If you’ve ever heard of these words, “reorganization,” “reclassification” or even “reassignment” then you know that they often mean a demotion. A lot of recent media  coverage of former Today Show anchor Ann Curry used the word “reassignment” and speculation was rampant about her assumed demotion.

Demotions happen regularly, as seen in sports teams when a player sent down to the farm team. But what about demotions at work? Why do they happen?

Human Resources expert Sarah Paul says, “They can happen for various reasons, the result of a downsizing or reorganization, poor performance in a current role or as an alternative to termination.”

Paul says that demotions can happen for a variety of reasons. One of them is the Peter Principle. “A common reason I’ve seen is when a company promotes an employee who is highly effective and technically competent in their current role into a position of management. After some time, it becomes apparent that they lack the skills to effectively manage and take on the more senior or higher level responsibilities.

“For example, they may lack the ability to lead a team, develop and manage budgets, or build credibility with peers. Some people are just better as a do’er than a leader. In this case, the employee would be demoted back to his/her previous role.  Some may welcome this move, while others see the demotion as a personal and professional failure.”

Demotions, explains Paul, should never taken lightly as there are legal issues involved when deciding to demote an employee. While it’s a way to keep a valuable employee, demoting an employee can lead to constructive dismissal when an employee feels that a major reduction of hours, benefits, status or job growth has been adversely affected.

Paul says, “Companies must be very careful when demoting. It is important to manage the situation in a professional, humanistic and legally compliant manner. Demoting an employee in the hopes that she or he will quit is not only unethical, but is also putting the company at legal risk. It’s always a good idea to consult with legal counsel before any demotion because if the process is not conducted properly, it may result in a constructive dismissal lawsuit.”

So how can a company deal with demotions within its staff? As Paul says, it’s about managing the situation in a humanistic and legal manner. “You need to balance the needs of the company with those of the employee. Some ways to minimize risk and make the transition as positive as possible are to explain the rationale to the employee to generate buy-in, keep the salary and benefits comparable to the old position and ensure the responsibilities of the new position do not demean the employee.”

Even then, an employee who doesn’t like or want to be demoted will more than suffer from poor job performance and will more than likely leave the company as soon as possible.

If you’ve been demoted, what can you do to mitigate the circumstances?

Stay Professional

You’re going to go through a lot of emotions and your instincts might be to lash out or criticize. Remain professional as you still have to work at the company or need certain people as references for your next job.
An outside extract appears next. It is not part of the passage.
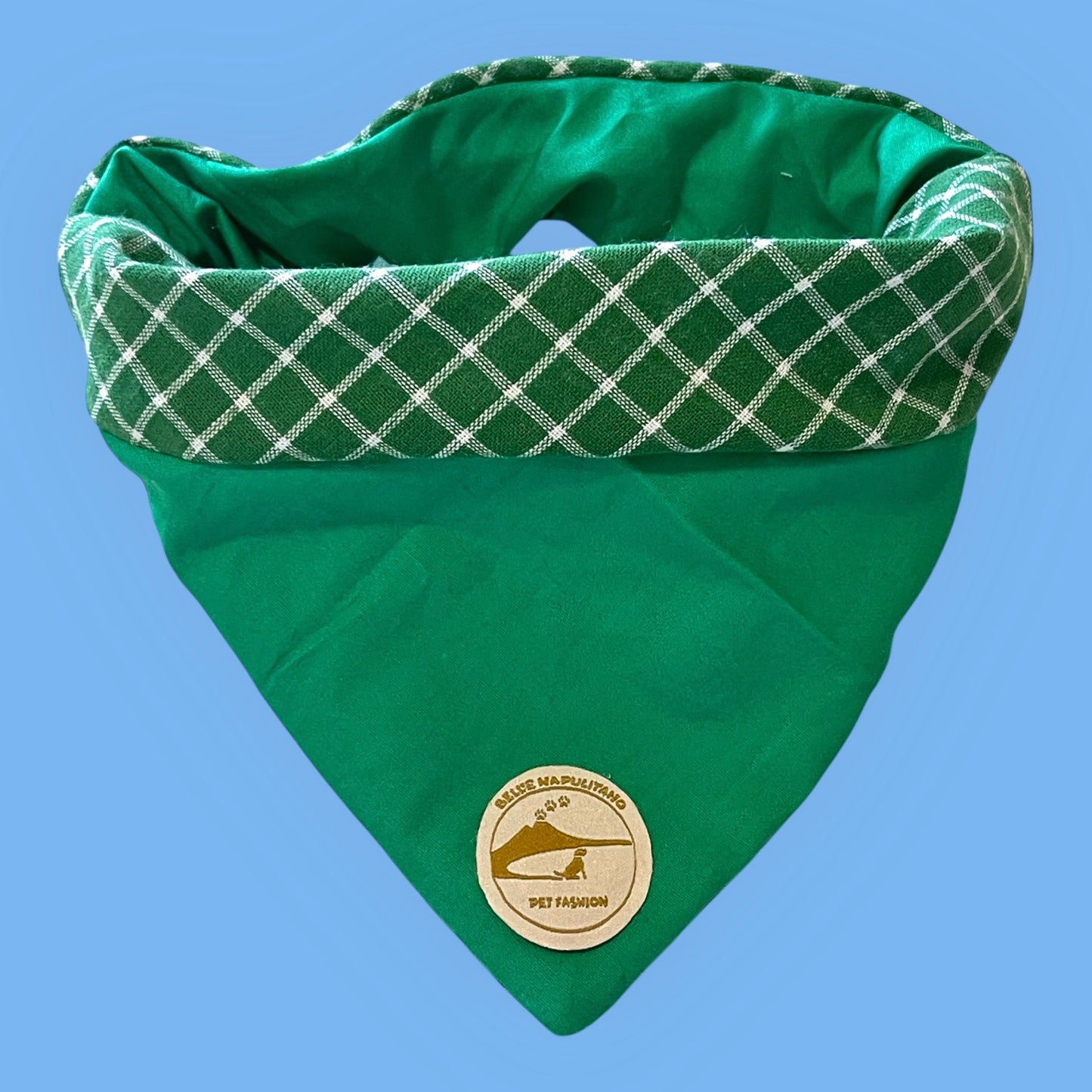 Bandana per Cani verde a Quadretti Double-Face e Personalizzata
Keep a High Standard of Work

Demotions are not always dismissals. If you need the job, keep up a high level of work. That way you haven’t given them an reason to terminate you.

Ask About Improvement

Does the company want you to improve certain skills before they promote you? While you might want to hide, this could be an opportunity to sit with your boss and have a frank talk. It won’t be pretty but it will be informative.

Document Everything

We’ve said this before but document everything and keep it at home, not on your work computer.

Keep the Job Search Quiet

Your manager and colleagues don’t need to know you’re on Workopolis looking a new job. Be discreet. Your manager may not be surprised by your job search but don’t rub it in anyone’s face.

Lawyer Up

If you think you’ve been constructively dismissed, consult a lawyer for advice.